**Dataset extract:**
--- --- ---

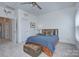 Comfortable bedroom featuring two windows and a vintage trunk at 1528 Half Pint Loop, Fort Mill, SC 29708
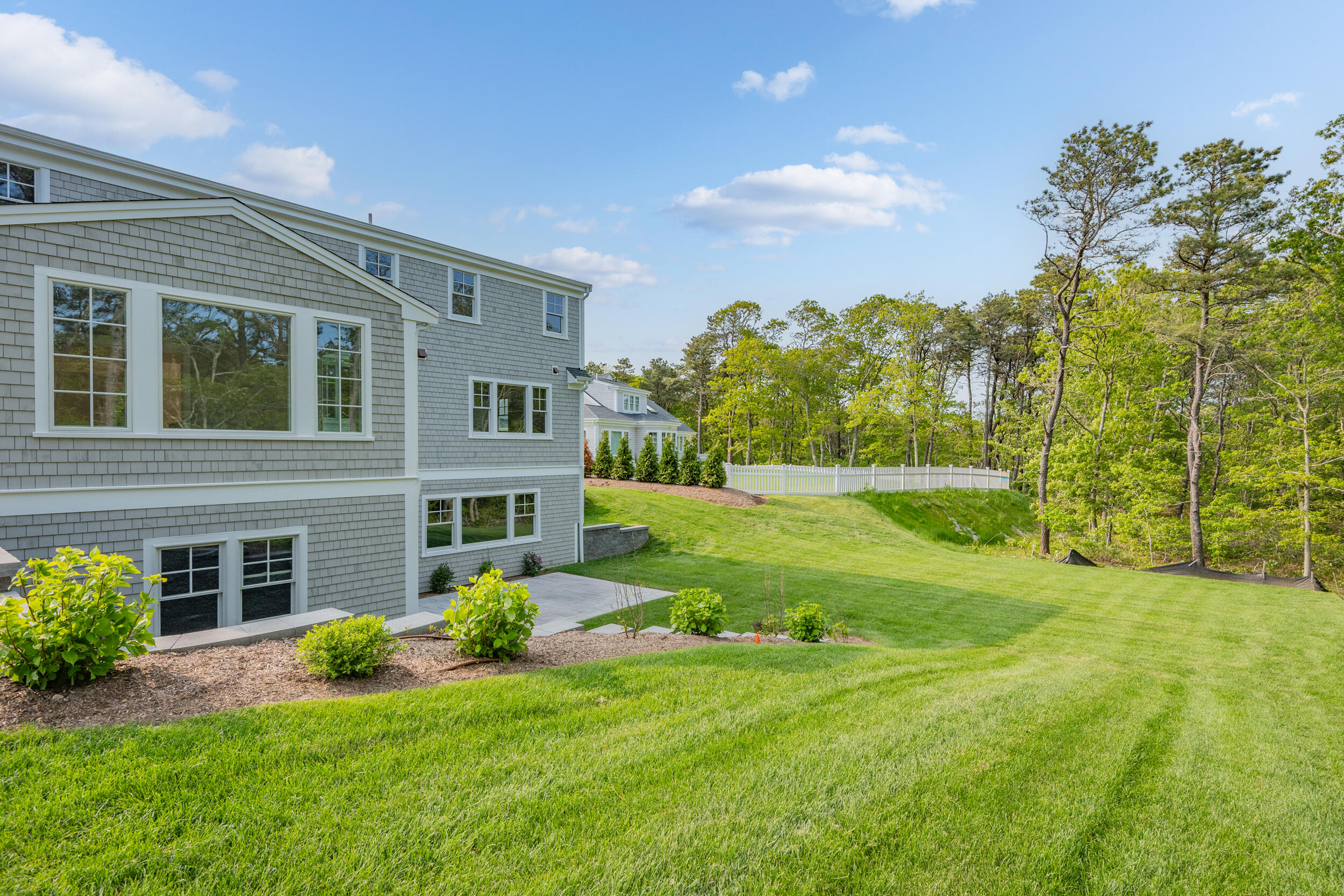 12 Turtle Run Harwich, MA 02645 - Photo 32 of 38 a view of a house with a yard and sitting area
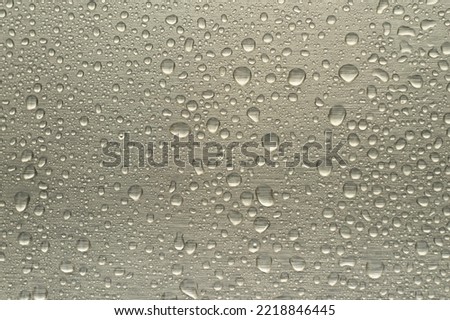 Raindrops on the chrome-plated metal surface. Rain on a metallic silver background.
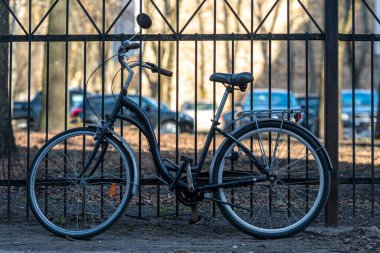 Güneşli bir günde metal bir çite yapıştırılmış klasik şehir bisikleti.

--- --- ---

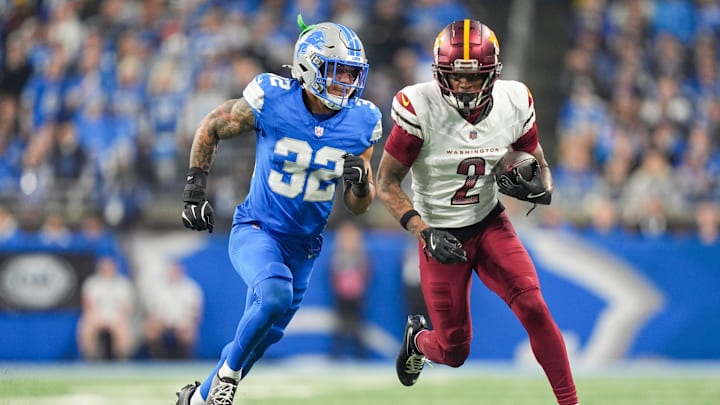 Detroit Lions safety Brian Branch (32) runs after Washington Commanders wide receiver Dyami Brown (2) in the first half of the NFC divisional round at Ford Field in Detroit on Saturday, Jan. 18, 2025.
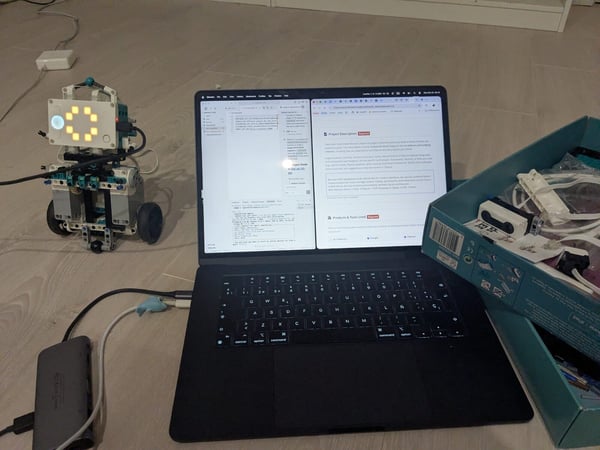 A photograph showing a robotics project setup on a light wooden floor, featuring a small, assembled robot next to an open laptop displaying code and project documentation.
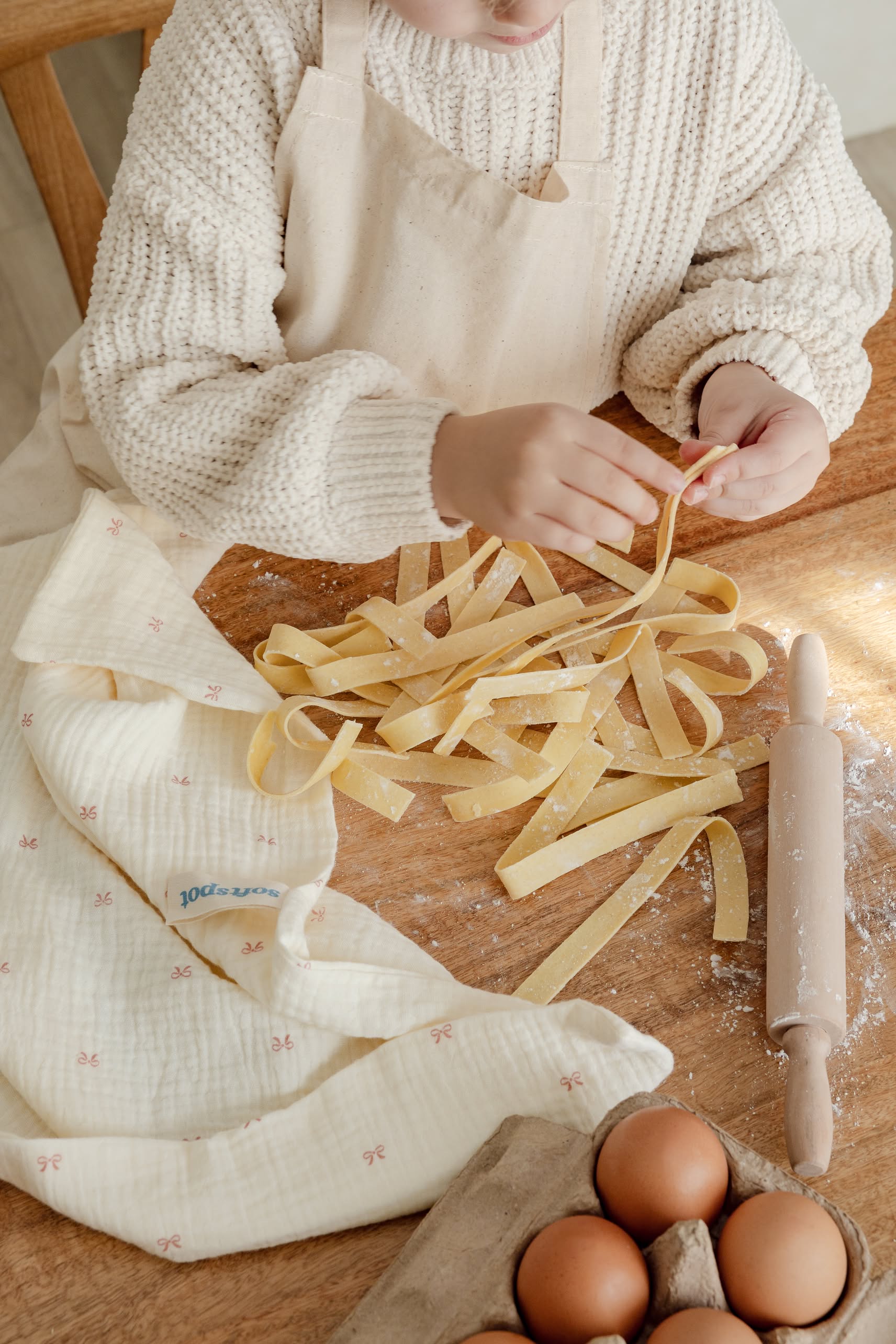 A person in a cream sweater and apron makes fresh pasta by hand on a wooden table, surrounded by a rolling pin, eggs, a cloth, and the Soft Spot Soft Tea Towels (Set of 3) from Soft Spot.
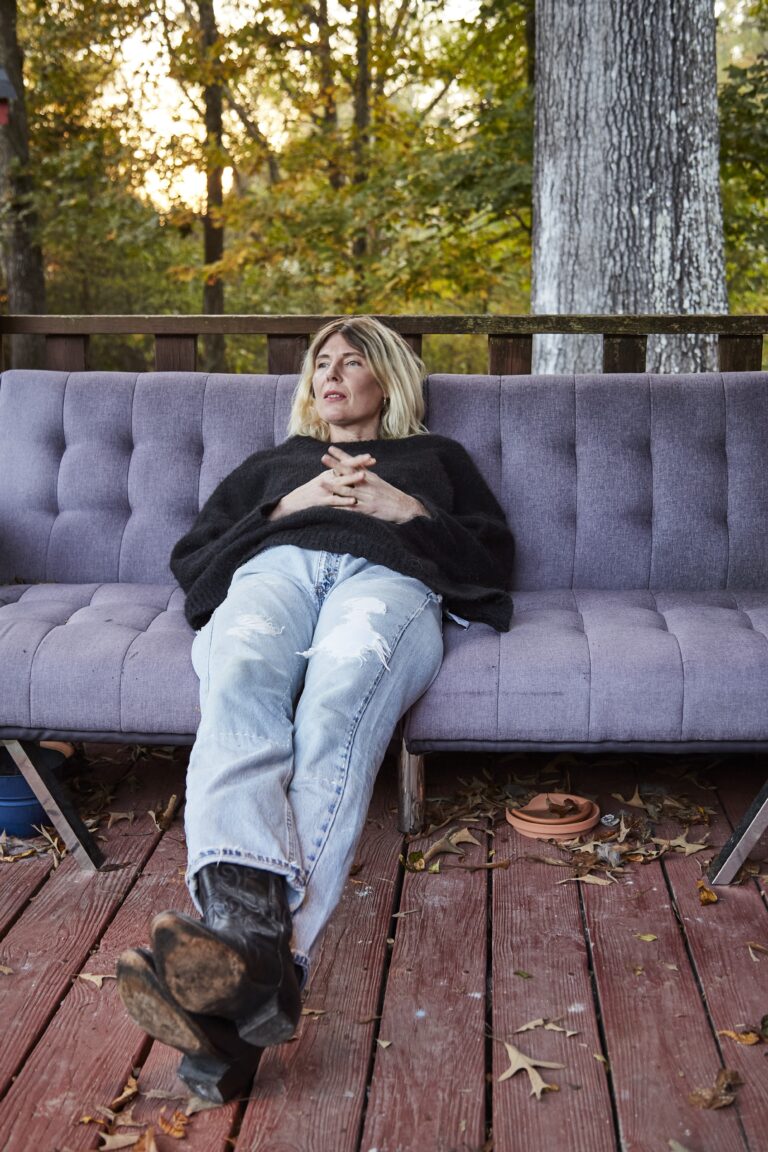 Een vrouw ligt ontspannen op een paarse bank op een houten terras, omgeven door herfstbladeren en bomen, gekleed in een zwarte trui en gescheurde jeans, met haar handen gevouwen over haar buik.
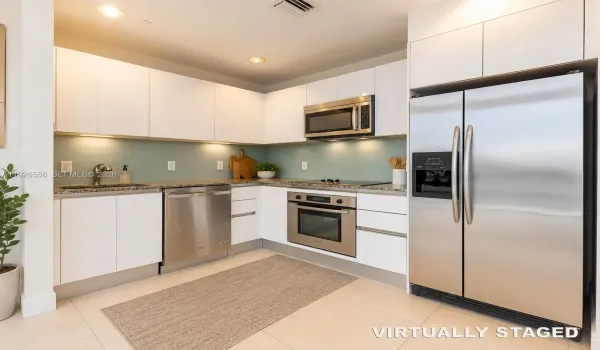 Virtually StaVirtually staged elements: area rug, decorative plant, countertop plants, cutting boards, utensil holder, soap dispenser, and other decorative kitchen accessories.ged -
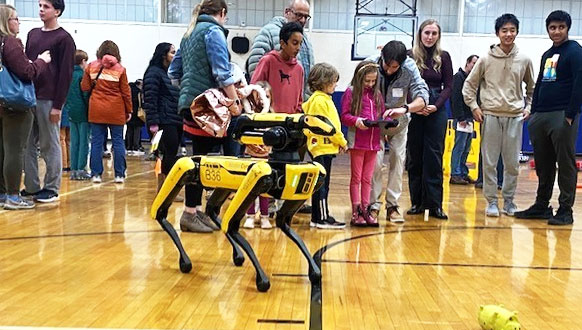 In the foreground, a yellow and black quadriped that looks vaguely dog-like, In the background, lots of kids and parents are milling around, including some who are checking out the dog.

--- --- ---

**Problem statement:** Both the line above containing "Detroit Lions safety" and the line containing "A person in" belong in the copy, along with every line between them; print these exactly and omit the pictures.

**Solution for this task:**
 Detroit Lions safety Brian Branch (32) runs after Washington Commanders wide receiver Dyami Brown (2) in the first half of the NFC divisional round at Ford Field in Detroit on Saturday, Jan. 18, 2025.
 A photograph showing a robotics project setup on a light wooden floor, featuring a small, assembled robot next to an open laptop displaying code and project documentation.
 A person in a cream sweater and apron makes fresh pasta by hand on a wooden table, surrounded by a rolling pin, eggs, a cloth, and the Soft Spot Soft Tea Towels (Set of 3) from Soft Spot.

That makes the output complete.